Word for word, copy the line that contains "Eine ältere Ast" and each line after it in the data below. Pictures stay out of the copy.

--- START ---

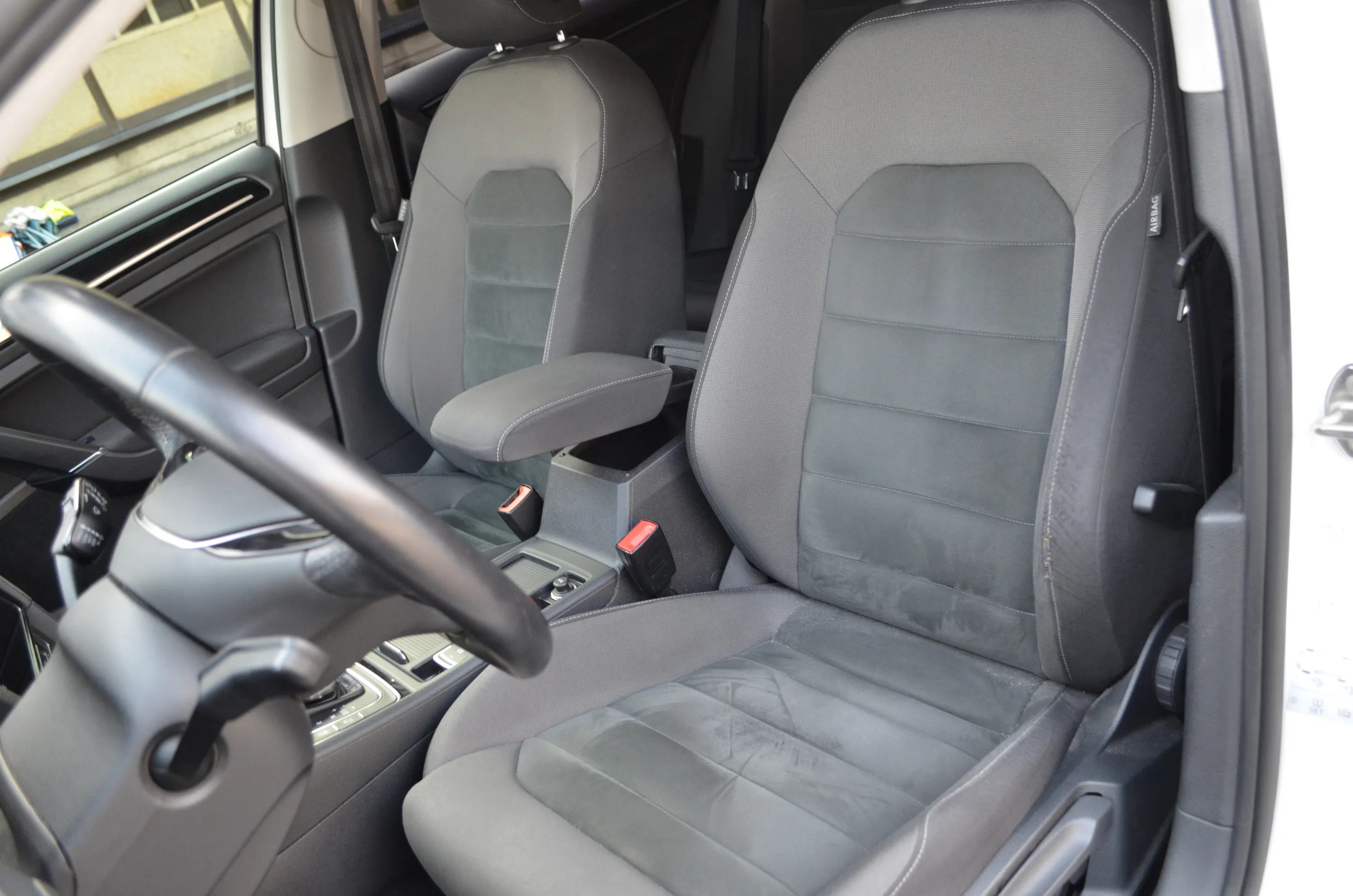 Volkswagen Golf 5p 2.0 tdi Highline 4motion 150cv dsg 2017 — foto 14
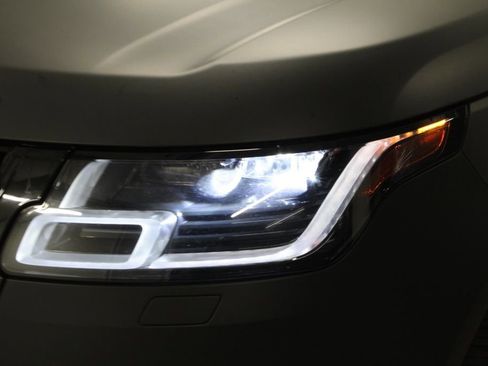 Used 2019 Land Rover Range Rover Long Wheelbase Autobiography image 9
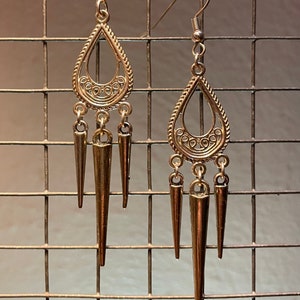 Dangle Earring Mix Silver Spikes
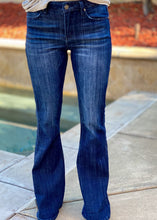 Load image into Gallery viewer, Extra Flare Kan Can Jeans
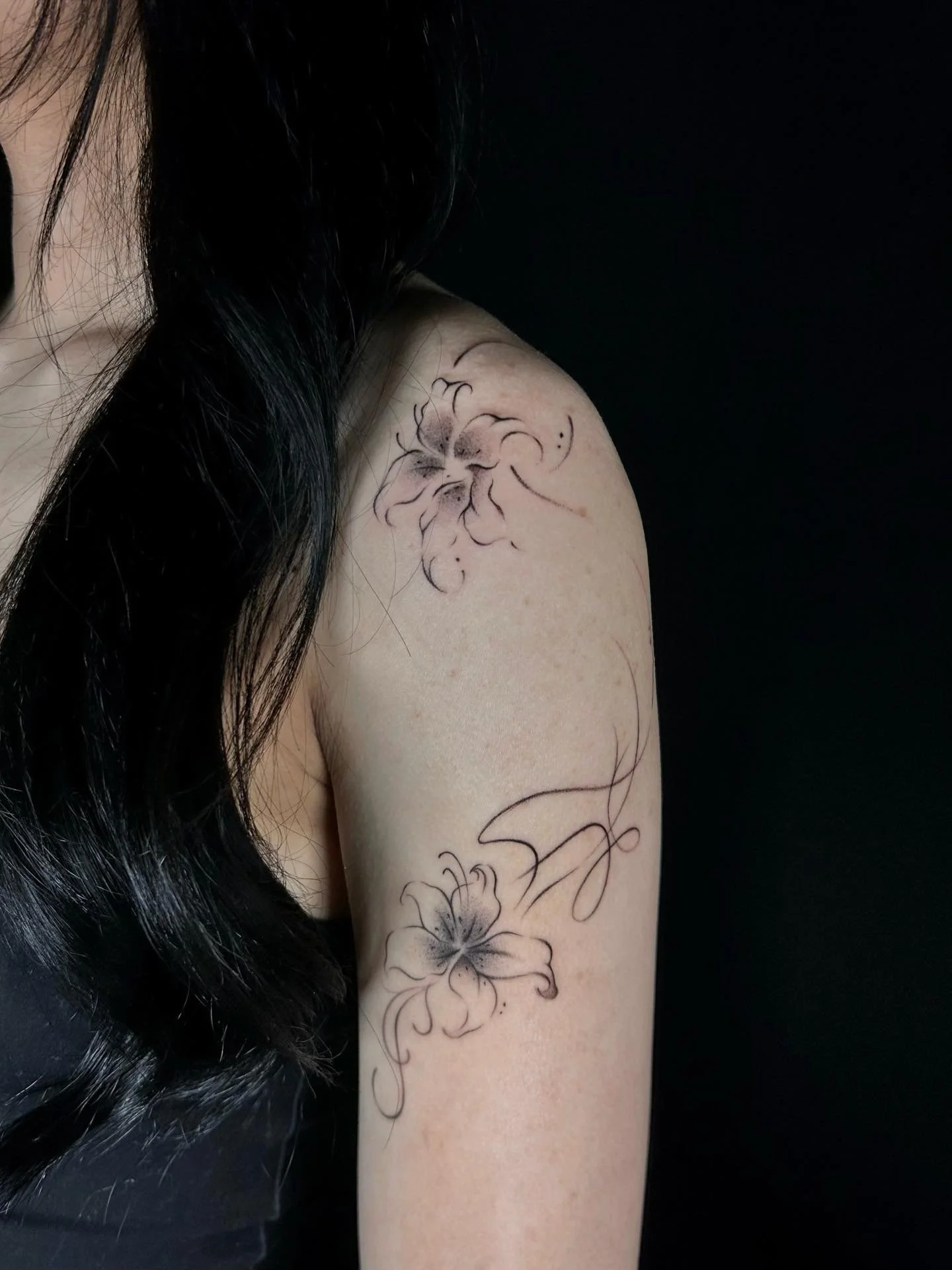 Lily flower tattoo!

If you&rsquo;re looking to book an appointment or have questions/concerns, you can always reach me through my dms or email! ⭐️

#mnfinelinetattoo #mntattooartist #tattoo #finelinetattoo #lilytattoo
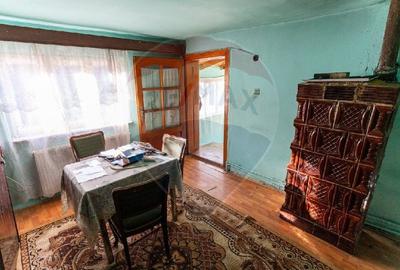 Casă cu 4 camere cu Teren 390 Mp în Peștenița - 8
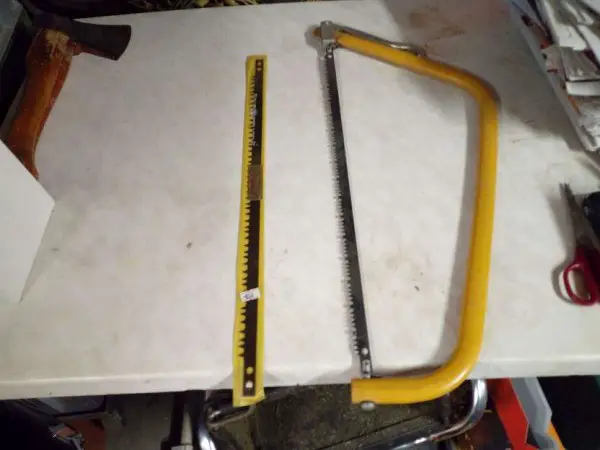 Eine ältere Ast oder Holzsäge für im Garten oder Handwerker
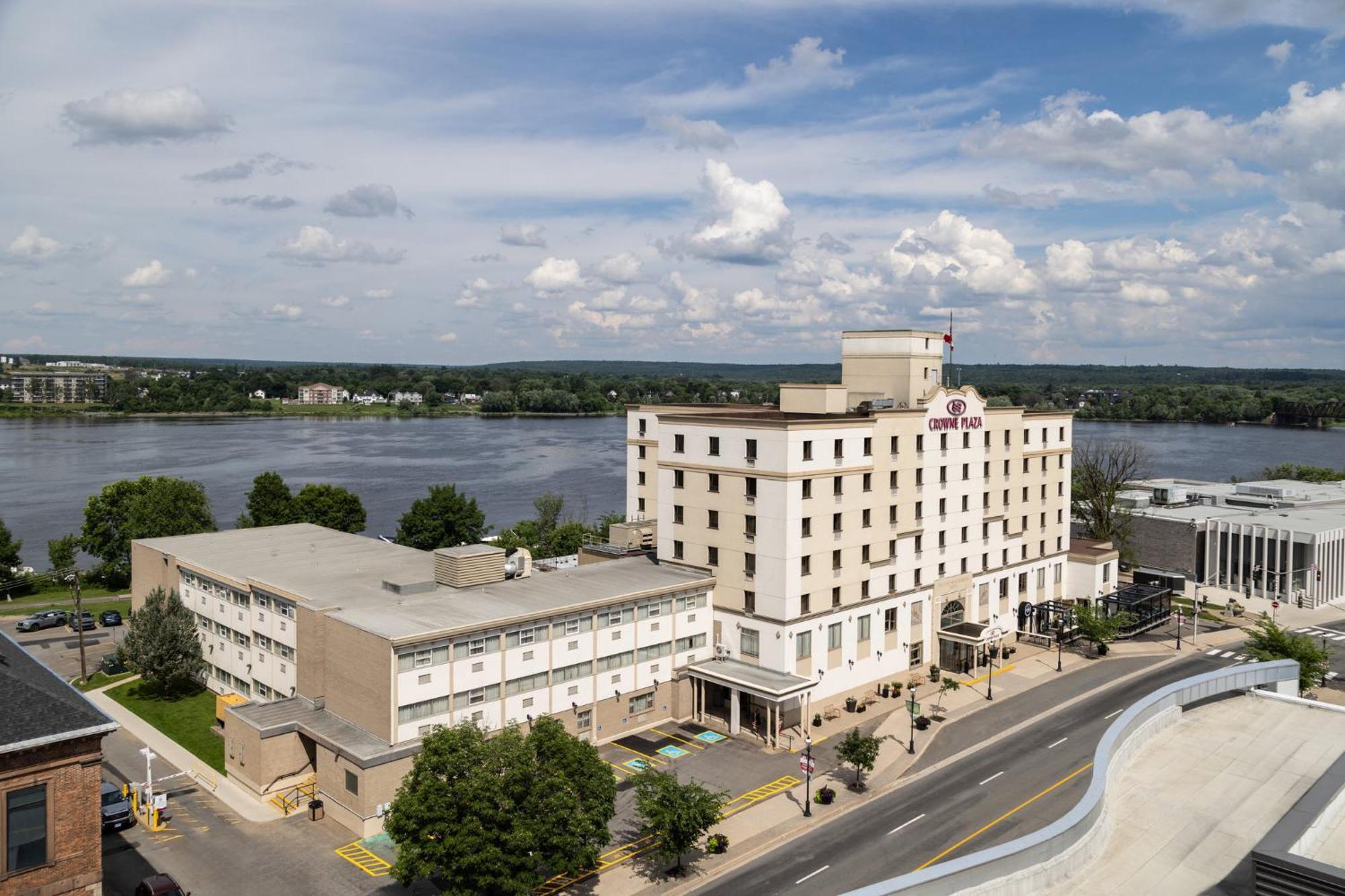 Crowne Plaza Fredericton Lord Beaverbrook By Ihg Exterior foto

--- END ---

> [Written solution]:
 Eine ältere Ast oder Holzsäge für im Garten oder Handwerker
 Crowne Plaza Fredericton Lord Beaverbrook By Ihg Exterior foto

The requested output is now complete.